## Raw data
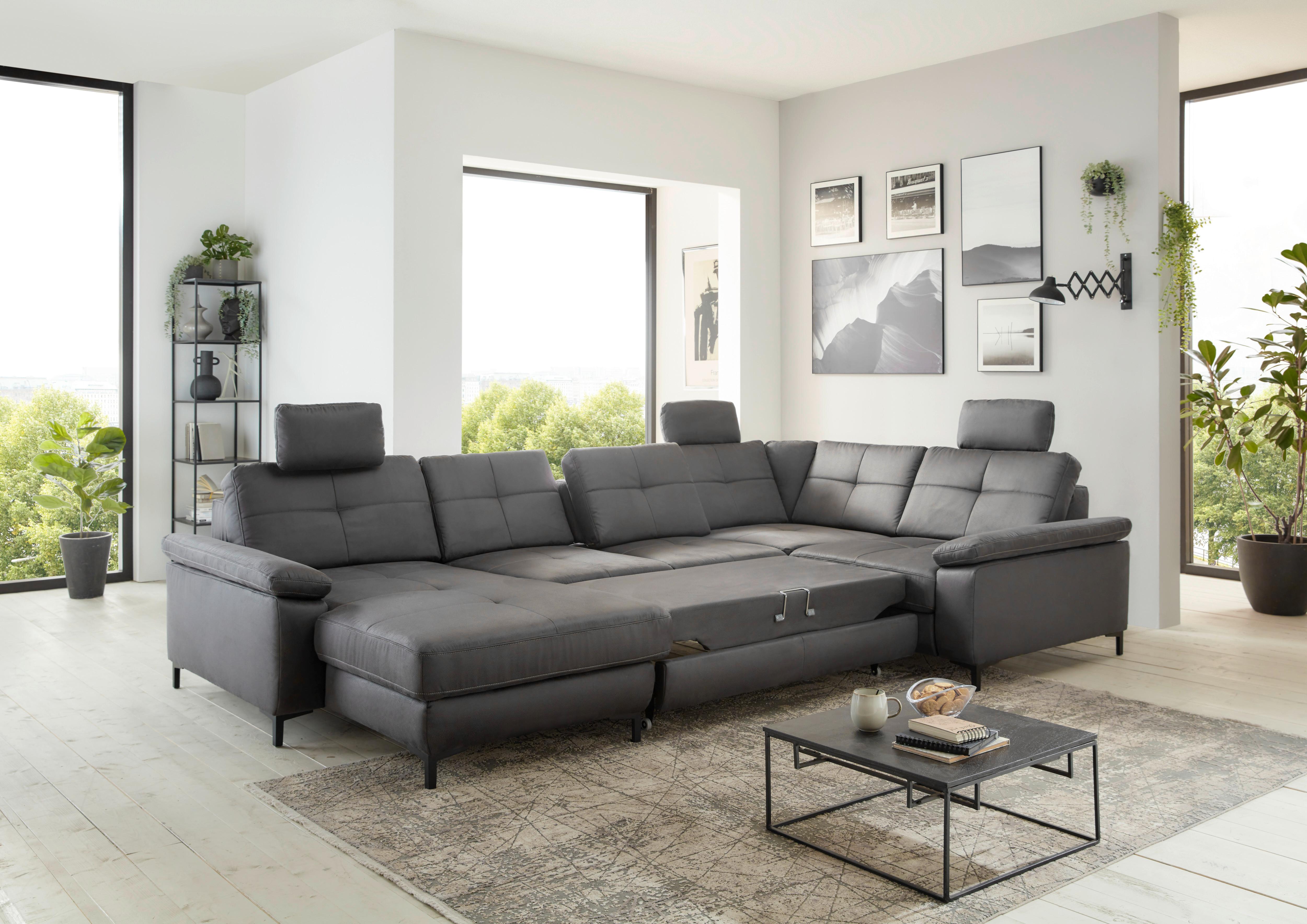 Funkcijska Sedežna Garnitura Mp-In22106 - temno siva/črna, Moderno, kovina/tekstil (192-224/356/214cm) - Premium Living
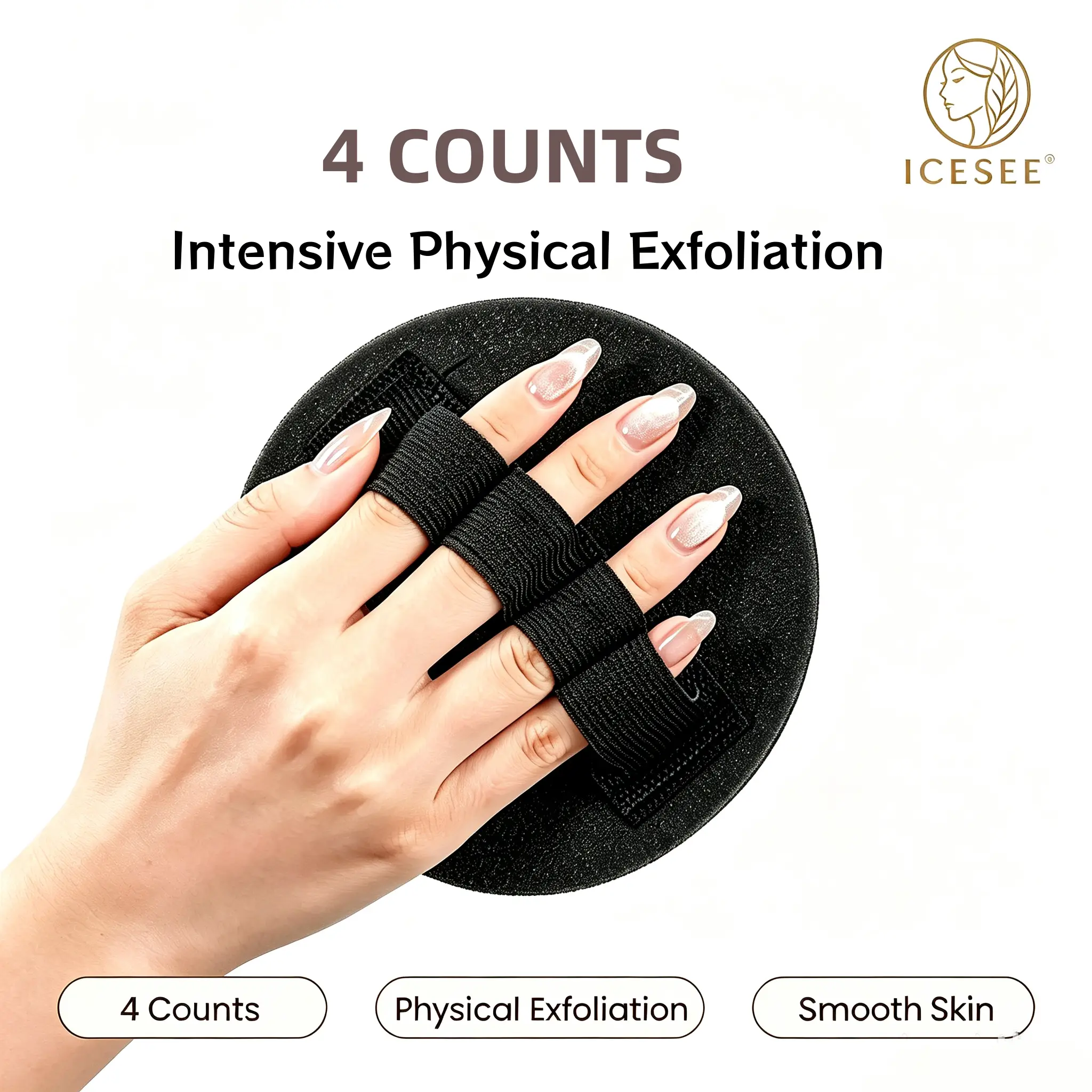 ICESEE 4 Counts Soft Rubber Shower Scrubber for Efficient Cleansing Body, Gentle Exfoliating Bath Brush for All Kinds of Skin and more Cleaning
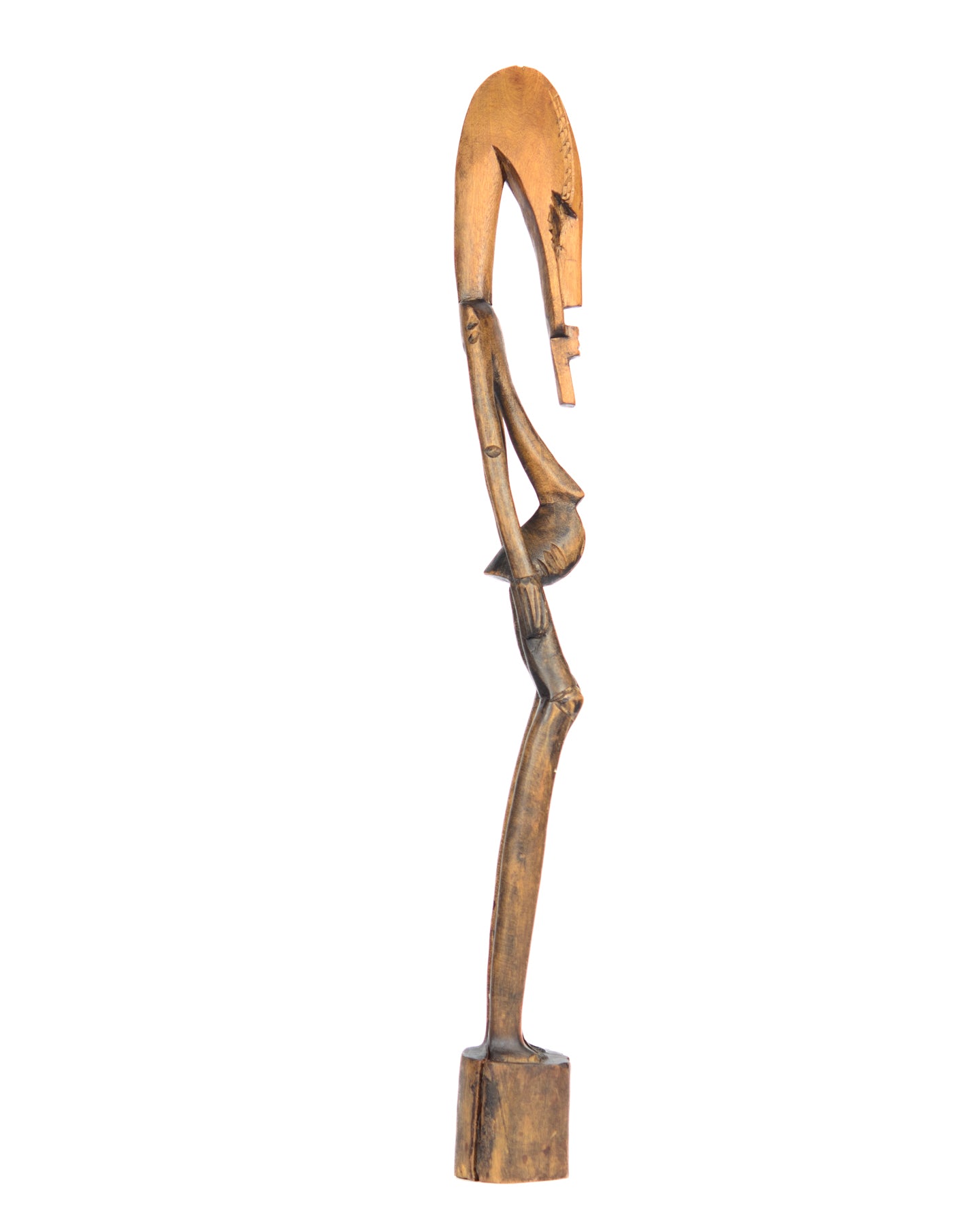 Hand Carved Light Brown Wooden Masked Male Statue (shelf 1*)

## Action item
The answer is every line of the data, exactly as written, with the pictures dropped.

## Exercise result
 Funkcijska Sedežna Garnitura Mp-In22106 - temno siva/črna, Moderno, kovina/tekstil (192-224/356/214cm) - Premium Living
 ICESEE 4 Counts Soft Rubber Shower Scrubber for Efficient Cleansing Body, Gentle Exfoliating Bath Brush for All Kinds of Skin and more Cleaning
 Hand Carved Light Brown Wooden Masked Male Statue (shelf 1*)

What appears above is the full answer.